## Image-text web data
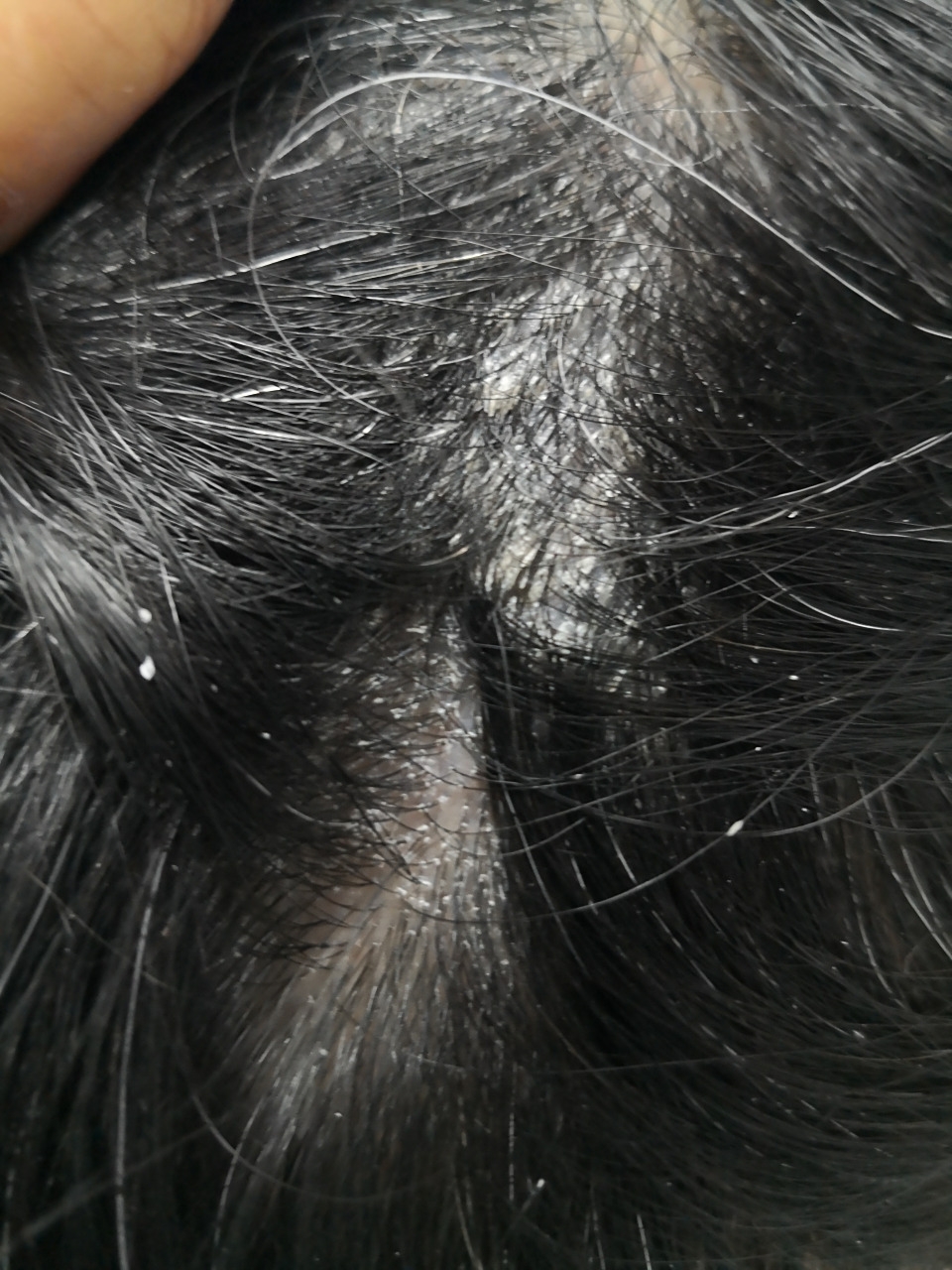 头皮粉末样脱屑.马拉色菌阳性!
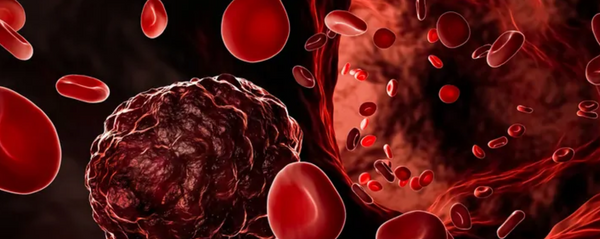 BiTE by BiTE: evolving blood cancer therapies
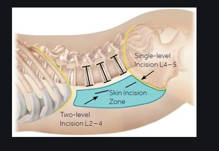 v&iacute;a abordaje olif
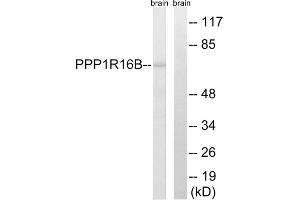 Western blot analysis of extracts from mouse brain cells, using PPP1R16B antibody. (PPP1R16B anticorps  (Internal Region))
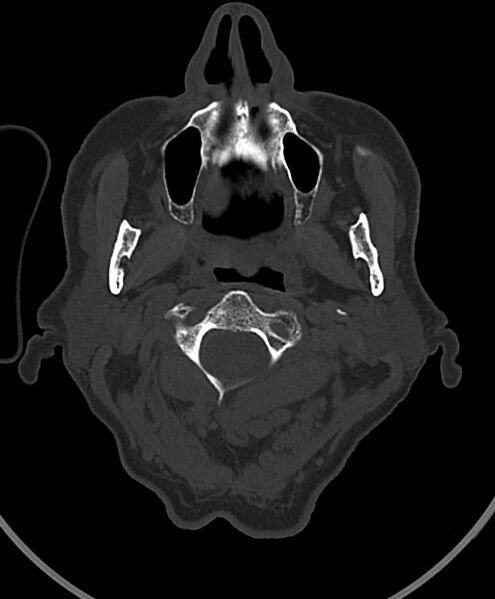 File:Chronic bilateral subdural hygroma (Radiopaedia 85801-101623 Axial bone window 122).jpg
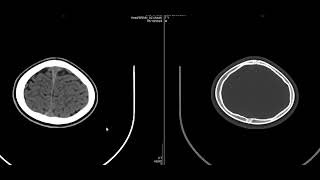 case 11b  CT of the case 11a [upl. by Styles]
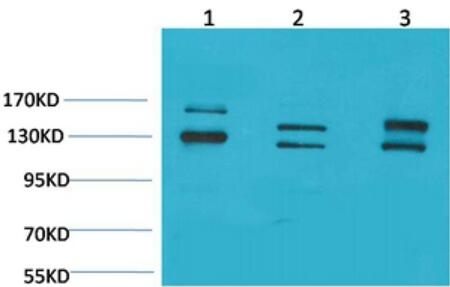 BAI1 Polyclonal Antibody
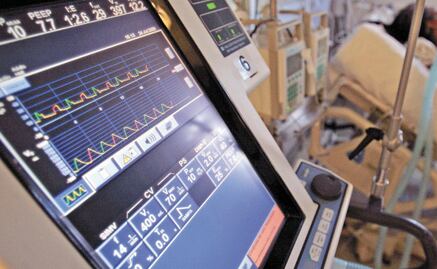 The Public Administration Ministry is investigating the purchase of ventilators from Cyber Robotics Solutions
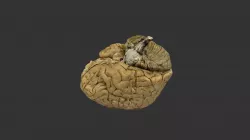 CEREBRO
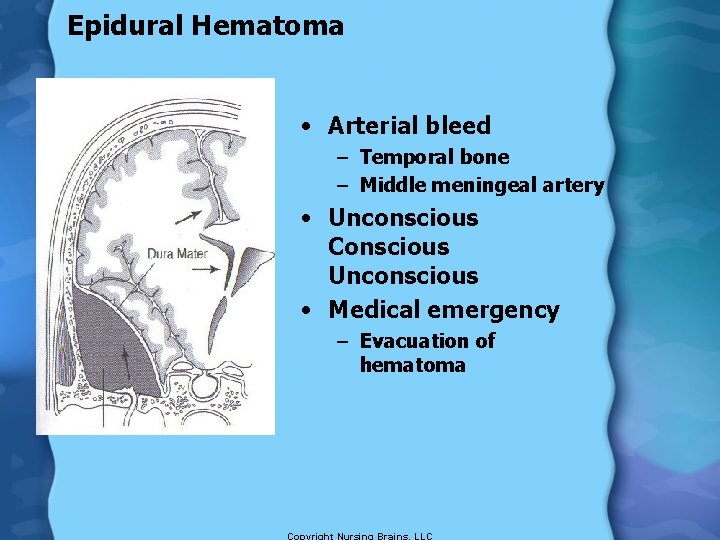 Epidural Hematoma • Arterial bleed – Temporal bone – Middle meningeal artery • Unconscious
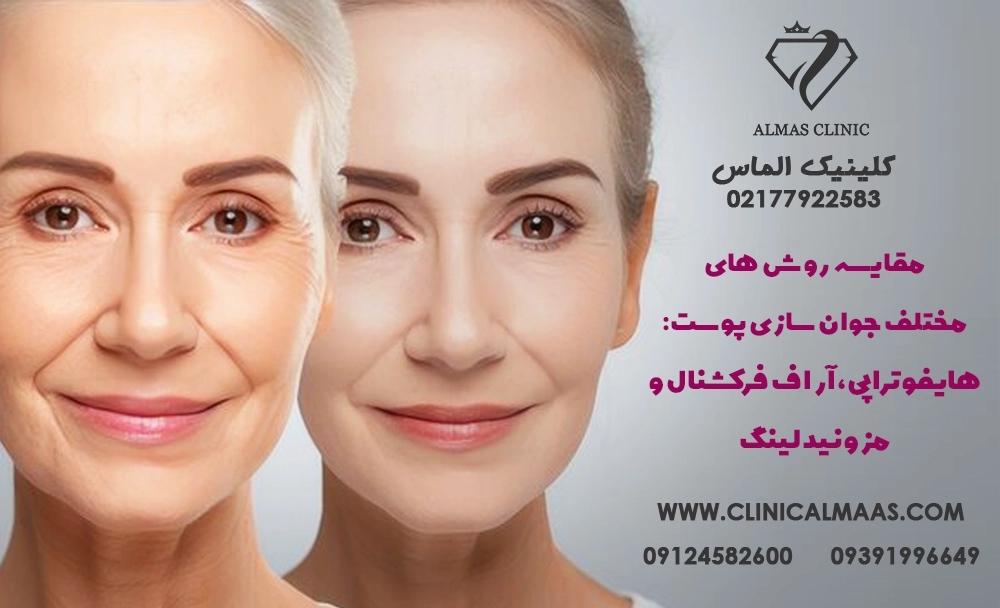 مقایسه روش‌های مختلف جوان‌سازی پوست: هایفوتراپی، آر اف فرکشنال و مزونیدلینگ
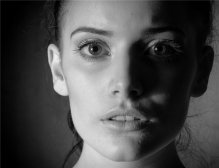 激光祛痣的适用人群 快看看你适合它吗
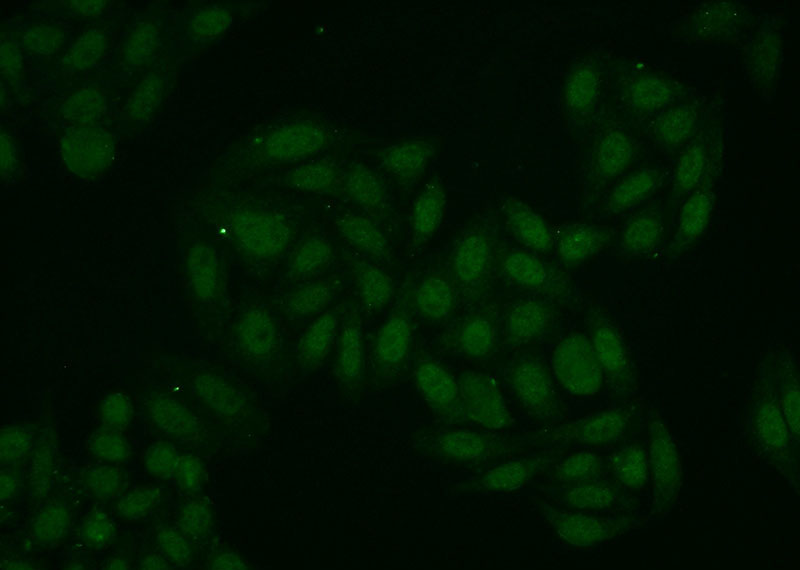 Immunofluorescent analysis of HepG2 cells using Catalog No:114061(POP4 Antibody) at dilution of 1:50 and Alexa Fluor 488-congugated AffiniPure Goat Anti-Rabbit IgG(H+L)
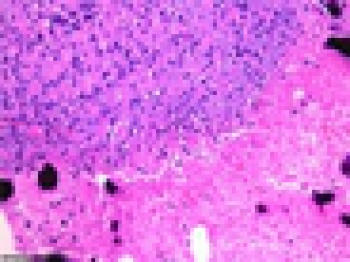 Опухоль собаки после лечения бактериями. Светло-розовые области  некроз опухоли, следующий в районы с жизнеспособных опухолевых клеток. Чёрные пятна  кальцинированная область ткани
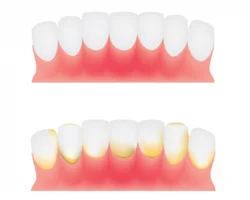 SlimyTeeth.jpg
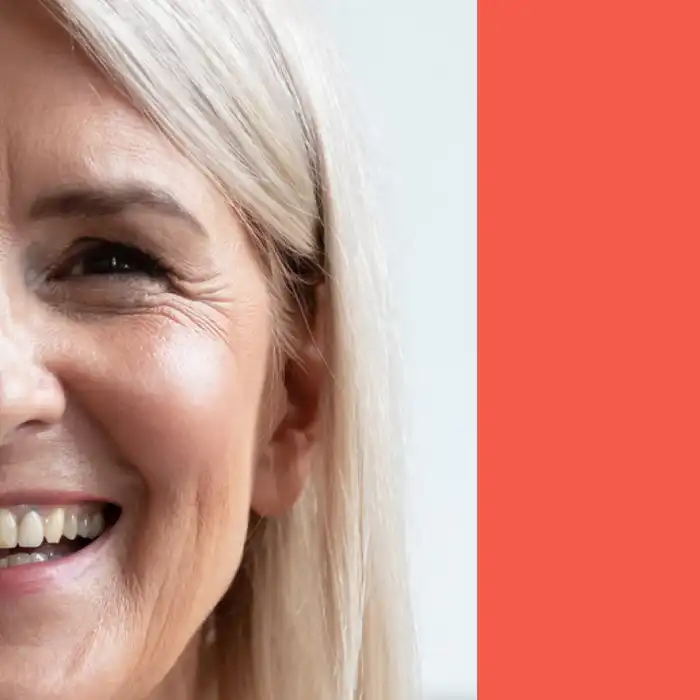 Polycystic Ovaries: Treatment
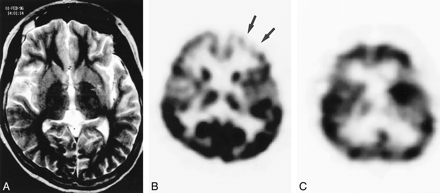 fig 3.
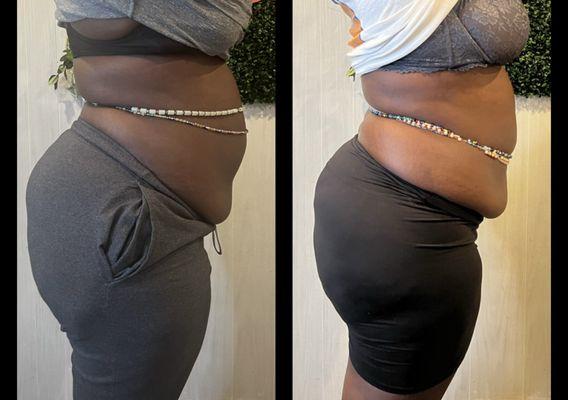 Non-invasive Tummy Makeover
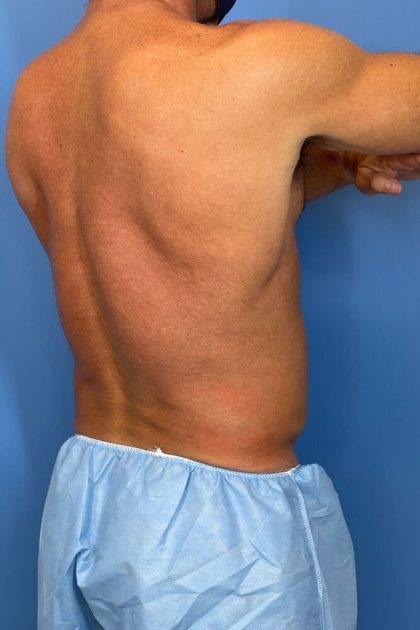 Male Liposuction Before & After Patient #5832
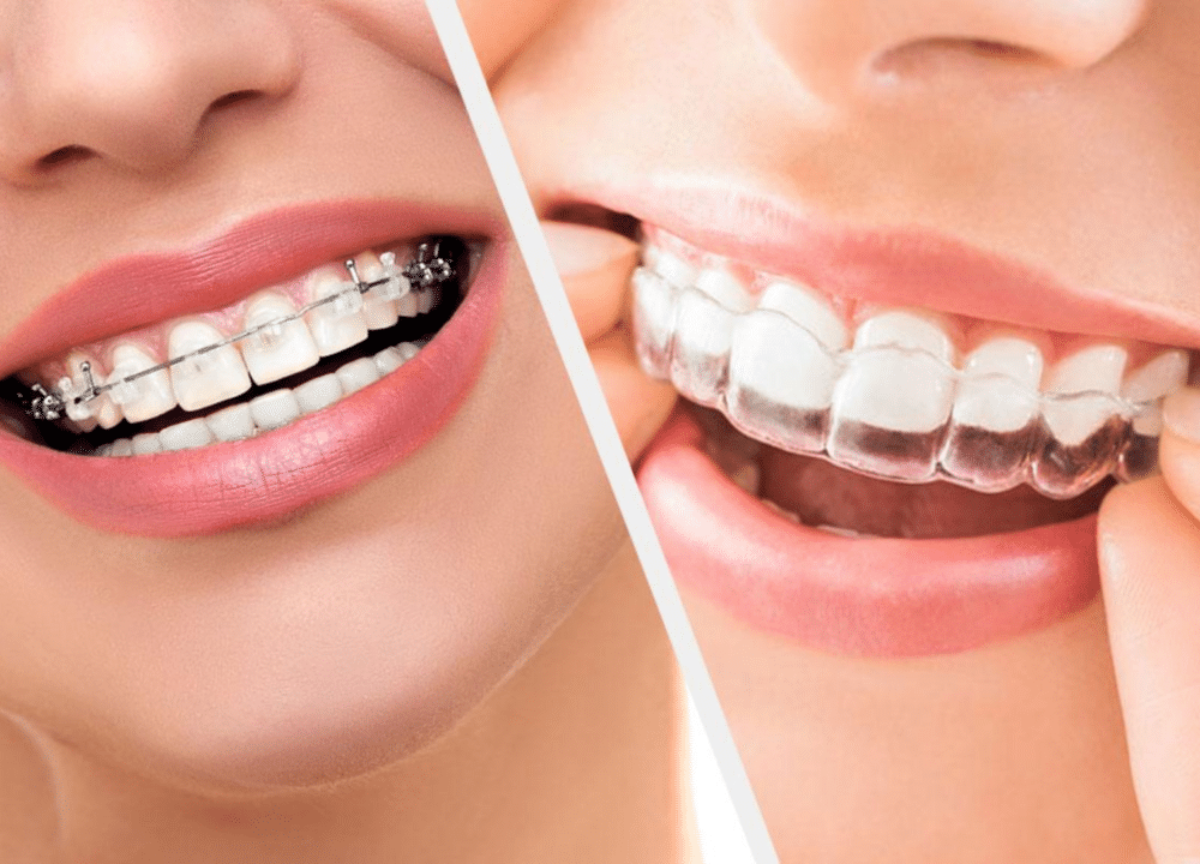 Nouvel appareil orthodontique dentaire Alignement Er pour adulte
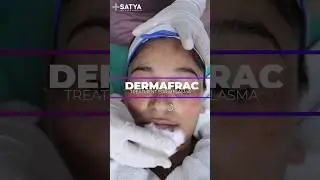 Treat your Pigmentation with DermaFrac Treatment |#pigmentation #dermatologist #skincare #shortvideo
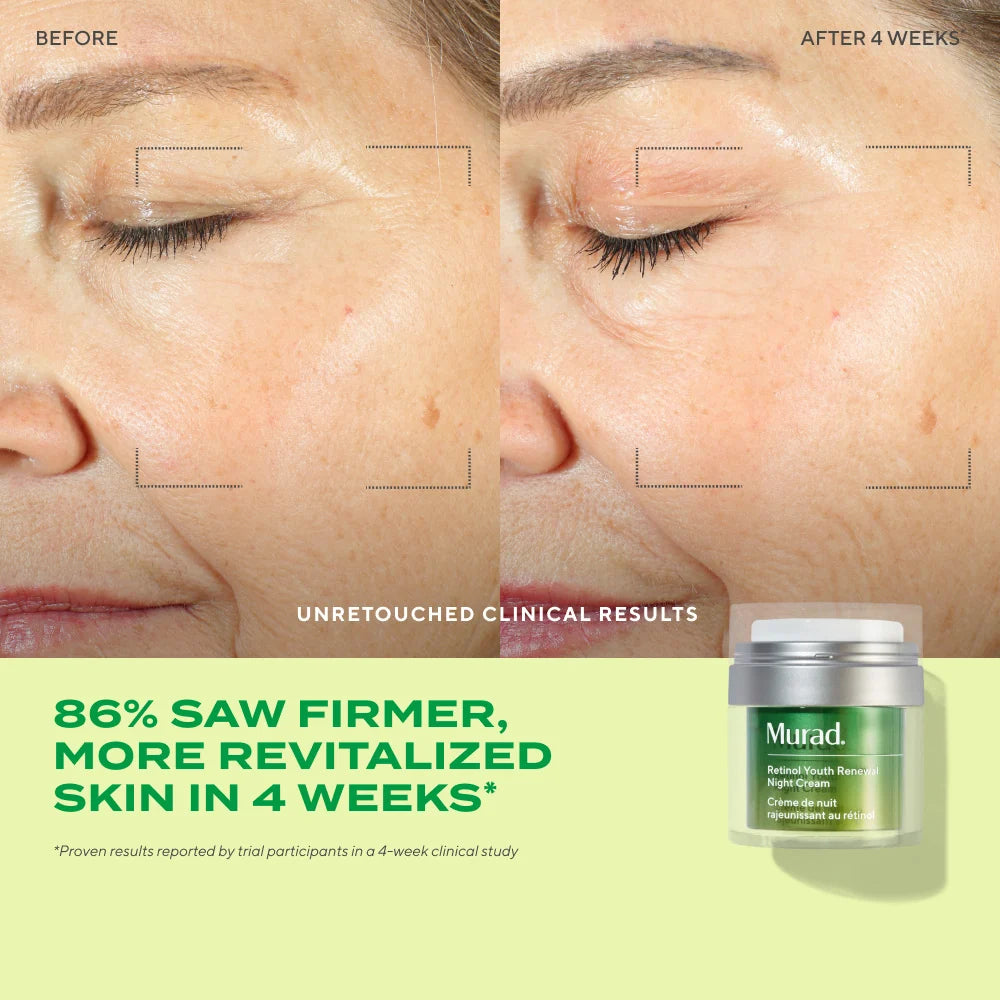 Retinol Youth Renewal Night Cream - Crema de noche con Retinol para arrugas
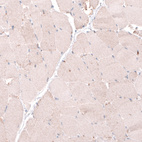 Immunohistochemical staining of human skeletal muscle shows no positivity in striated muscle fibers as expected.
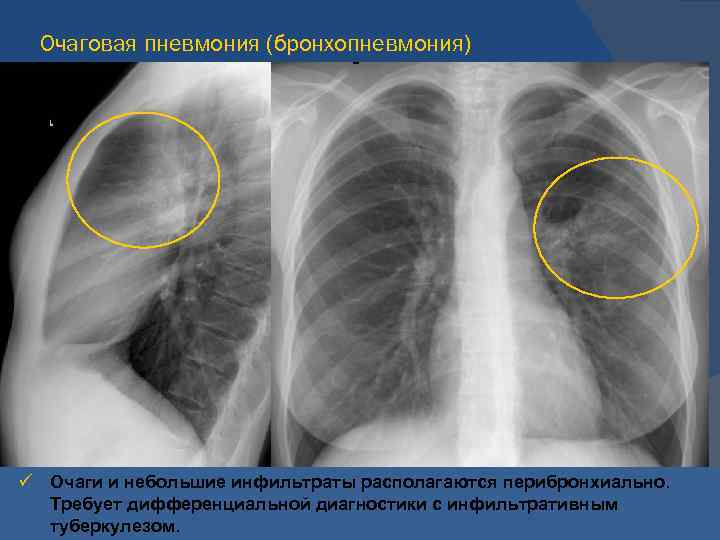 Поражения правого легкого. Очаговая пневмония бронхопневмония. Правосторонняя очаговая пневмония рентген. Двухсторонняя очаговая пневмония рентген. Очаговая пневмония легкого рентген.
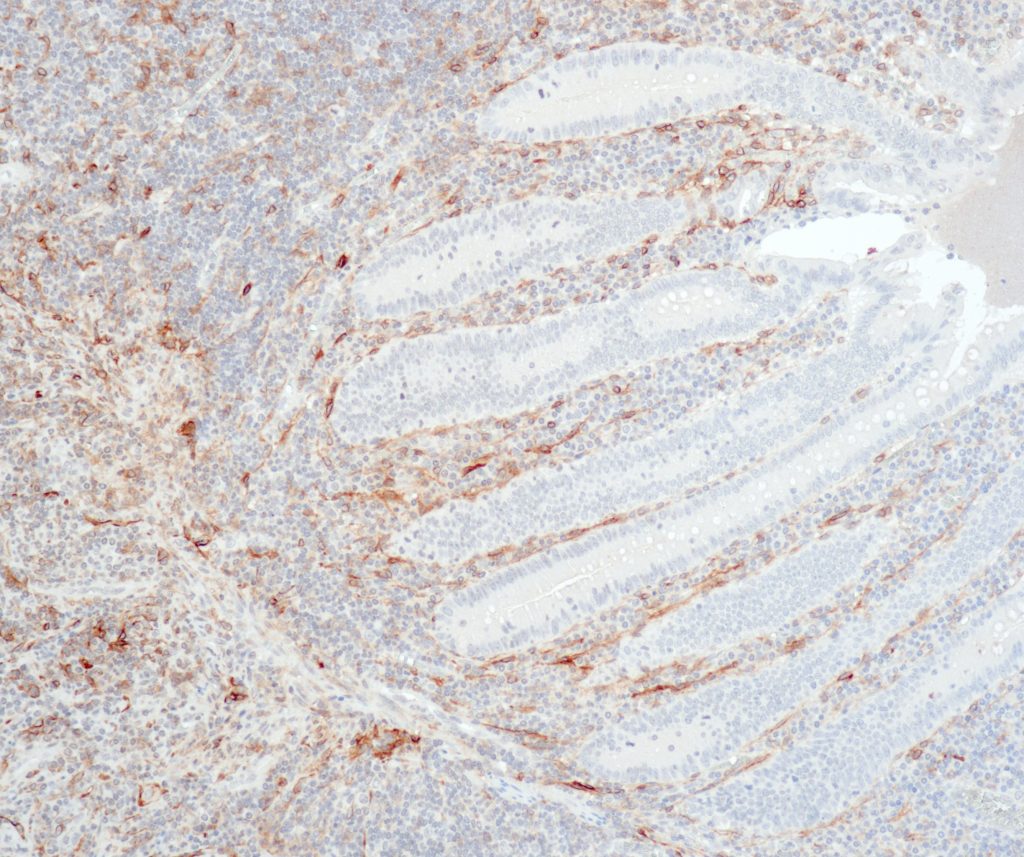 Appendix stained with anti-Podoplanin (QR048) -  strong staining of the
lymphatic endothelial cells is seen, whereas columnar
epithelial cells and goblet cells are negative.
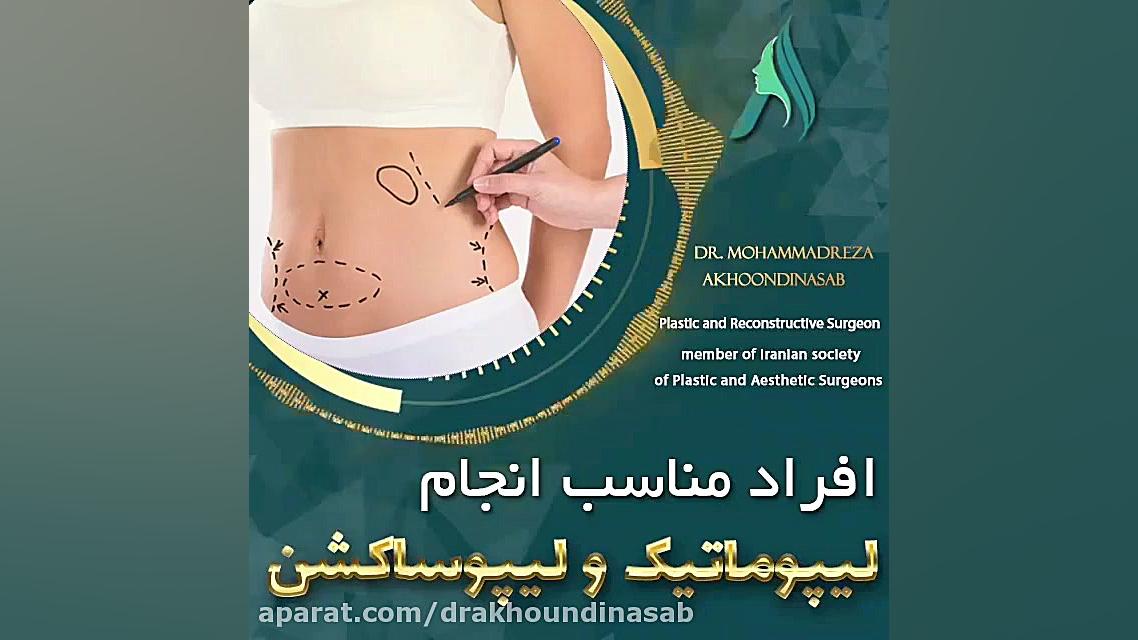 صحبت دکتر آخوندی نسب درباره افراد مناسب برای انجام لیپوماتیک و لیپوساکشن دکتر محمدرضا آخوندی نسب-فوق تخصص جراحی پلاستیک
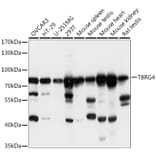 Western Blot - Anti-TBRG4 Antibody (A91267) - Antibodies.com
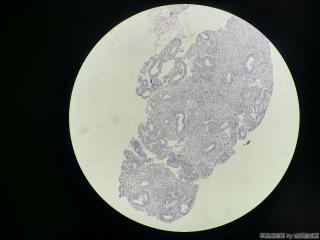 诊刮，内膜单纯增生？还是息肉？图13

## Exercise
Omit the pictures, then output every record exactly as given.

## Solution to the problem
 头皮粉末样脱屑.马拉色菌阳性!
 BiTE by BiTE: evolving blood cancer therapies
 v&iacute;a abordaje olif
 Western blot analysis of extracts from mouse brain cells, using PPP1R16B antibody. (PPP1R16B anticorps  (Internal Region))
 File:Chronic bilateral subdural hygroma (Radiopaedia 85801-101623 Axial bone window 122).jpg
 case 11b  CT of the case 11a [upl. by Styles]
 BAI1 Polyclonal Antibody
 The Public Administration Ministry is investigating the purchase of ventilators from Cyber Robotics Solutions
 CEREBRO
 Epidural Hematoma • Arterial bleed – Temporal bone – Middle meningeal artery • Unconscious
 مقایسه روش‌های مختلف جوان‌سازی پوست: هایفوتراپی، آر اف فرکشنال و مزونیدلینگ
 激光祛痣的适用人群 快看看你适合它吗
 Immunofluorescent analysis of HepG2 cells using Catalog No:114061(POP4 Antibody) at dilution of 1:50 and Alexa Fluor 488-congugated AffiniPure Goat Anti-Rabbit IgG(H+L)
 Опухоль собаки после лечения бактериями. Светло-розовые области  некроз опухоли, следующий в районы с жизнеспособных опухолевых клеток. Чёрные пятна  кальцинированная область ткани
 SlimyTeeth.jpg
 Polycystic Ovaries: Treatment
 fig 3.
 Non-invasive Tummy Makeover
 Male Liposuction Before & After Patient #5832
 Nouvel appareil orthodontique dentaire Alignement Er pour adulte
 Treat your Pigmentation with DermaFrac Treatment |#pigmentation #dermatologist #skincare #shortvideo
 Retinol Youth Renewal Night Cream - Crema de noche con Retinol para arrugas
 Immunohistochemical staining of human skeletal muscle shows no positivity in striated muscle fibers as expected.
 Поражения правого легкого. Очаговая пневмония бронхопневмония. Правосторонняя очаговая пневмония рентген. Двухсторонняя очаговая пневмония рентген. Очаговая пневмония легкого рентген.
 Appendix stained with anti-Podoplanin (QR048) -  strong staining of the
lymphatic endothelial cells is seen, whereas columnar
epithelial cells and goblet cells are negative.
 صحبت دکتر آخوندی نسب درباره افراد مناسب برای انجام لیپوماتیک و لیپوساکشن دکتر محمدرضا آخوندی نسب-فوق تخصص جراحی پلاستیک
 Western Blot - Anti-TBRG4 Antibody (A91267) - Antibodies.com
 诊刮，内膜单纯增生？还是息肉？图13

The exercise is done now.